Tamer Ruggli
Dans le jeune cinéma suisse, Tamer Ruggli attire l'attention par une qualité devenue rare: il sait filmer le malaise sans le monumentaliser. Ses œuvres avancent souvent à hauteur de relation, de situation, de décor familier, puis elles laissent apparaître les lignes de tension qui traversent ces surfaces tranquilles. Cette méthode donne à son cinéma une densité singulière. Ruggli ne cherche ni le réalisme plat ni la stylisation tapageuse. Il travaille plutôt dans cet intervalle où le quotidien commence à vibrer d'une inquiétude plus sourde.
Le contexte suisse n'agit pas ici comme simple étiquette géographique. Il renvoie à une culture visuelle de la retenue, de l'observation, de la précision comportementale, mais aussi à des espaces sociaux que le cinéma peut faire basculer vers l'étrangeté par de très petits déplacements. Ruggli comprend bien cela. Ses films ne surchargent pas le cadre d'indices appuyés. Ils font confiance aux gestes, aux rythmes de parole, aux silences, à la manière dont les gens se tiennent dans un lieu.
Cette confiance le rapproche de certaines formes européennes du thriller psychologique, tout en gardant une douceur d'approche qui lui est propre. Le danger, chez lui, n'est pas toujours un événement. Il peut être une pression diffuse, une situation affective qui se resserre, une norme invisible qui finit par peser sur tout. C'est une qualité importante, parce qu'elle permet au film de produire du trouble sans perdre sa justesse humaine. Ruggli ne sacrifie pas les personnages à l'effet.

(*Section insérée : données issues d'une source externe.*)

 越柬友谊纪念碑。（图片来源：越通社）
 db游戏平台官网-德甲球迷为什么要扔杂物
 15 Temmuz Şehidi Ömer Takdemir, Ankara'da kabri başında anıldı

Depuis les années 2010, beaucoup de jeunes auteurs européens ont cherché cette zone entre drame social, portrait relationnel et contamination du réel. Tamer Ruggli s'y distingue par une forme de netteté. Ses films savent exactement ce qu'ils retirent plutôt que ce qu'ils ajoutent. Ils comprennent qu'un récit gagne parfois en puissance quand il résiste à l'explication totale. Cette réserve n'est pas une coquetterie. Elle permet au spectateur d'habiter réellement le malaise.
On pourrait croire que cette économie de moyens et de signes éloigne son travail du horreur. En réalité, elle le rapproche d'une conception plus fine de la peur. L'angoisse moderne surgit souvent d'environnements parfaitement plausibles, de relations qui se dégradent sans fracas, de structures sociales qui exigent sans se montrer. Ruggli sait capter ce moment où une scène ordinaire devient légèrement toxique. C'est peu, en apparence. Au cinéma, c'est énorme.

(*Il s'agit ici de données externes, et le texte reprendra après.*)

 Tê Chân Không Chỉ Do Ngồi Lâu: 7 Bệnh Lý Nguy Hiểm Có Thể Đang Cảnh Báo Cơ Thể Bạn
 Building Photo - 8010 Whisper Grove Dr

Il faut aussi souligner la qualité de son regard sur les corps. Les émotions ne sont pas surexpliquées, elles se lisent dans les hésitations, dans la retenue, dans les choix de proximité ou d'éloignement. Cette précision donne à ses films une force de présence qui dépasse les catégories. On regarde moins un message qu'un champ de forces.
Pour CaSTV, Tamer Ruggli compte comme représentant d'une zone discrète mais essentielle du cinéma européen: celle où la peur et l'étrangeté n'ont pas besoin de déclarations tonitruantes pour exister. Il suffit d'un espace bien observé, d'un lien qui se dérègle, d'une caméra assez patiente pour laisser monter l'inconfort. Ruggli travaille précisément cette montée. Son cinéma n'impose pas l'angoisse, il la distille, et c'est souvent ainsi qu'elle dure le plus.